With Chef, Favreau returned to smaller-scale filmmaking: Instead of the Marvel cinematic universe, Chef takes place inside the recesses of Favreau's brain, where he's constantly hooking up with gorgeous actresses. Did we mention he wrote the screenplay himself?
Suddenly a guy in flying armor seems pretty feasible.
Favreau plays the head chef of a swanky restaurant who's asked by the owner to put his creative ideas to the side and just serve the same old bullshit. Not surprisingly, this leads to the chef being bitched out by a critic. It's a blatant metaphor for the studio interfering in the poorly received Iron Man 2 -- although instead of mediocre restaurant food, a steaming bag of goat urine right in the face might have been a slightly more accurate metaphor. And in case all of this is too subtle for you, halfway through the movie, Iron Man himself shows up.

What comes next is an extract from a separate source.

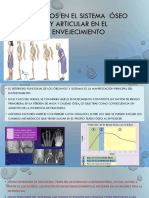 Cambios en El Sistema Óseo y Articular en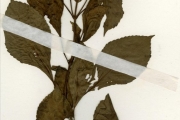 <strong>Lamiaceae - Plectranthus - Plectranthus monostachyus (P.Beauv.) B.J.Pollard subsp. Monostachyum</strong><br />© hnb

Favreau ends up going out on his own, serving delicious grub from an old food truck, with no corporate interference. You know, no marvelous corporate interference. The truck is a metaphor for this movie, is our point. In the end, the success of the food truck leads him back to critical acclaim and financial success ... which is a pretty ballsy move, considering that he's essentially predicting how everyone's going to love his new movie in the middle of the goddamn movie. Unless he was talking about that other post-Iron Man film of his?
The Prestige Is About How Much Chris Nolan Hates CGI
The Prestige is an underrated Christopher Nolan mind-bender about two old-timey magicians (Christian Bale and Hugh Jackman) who hate each other's guts.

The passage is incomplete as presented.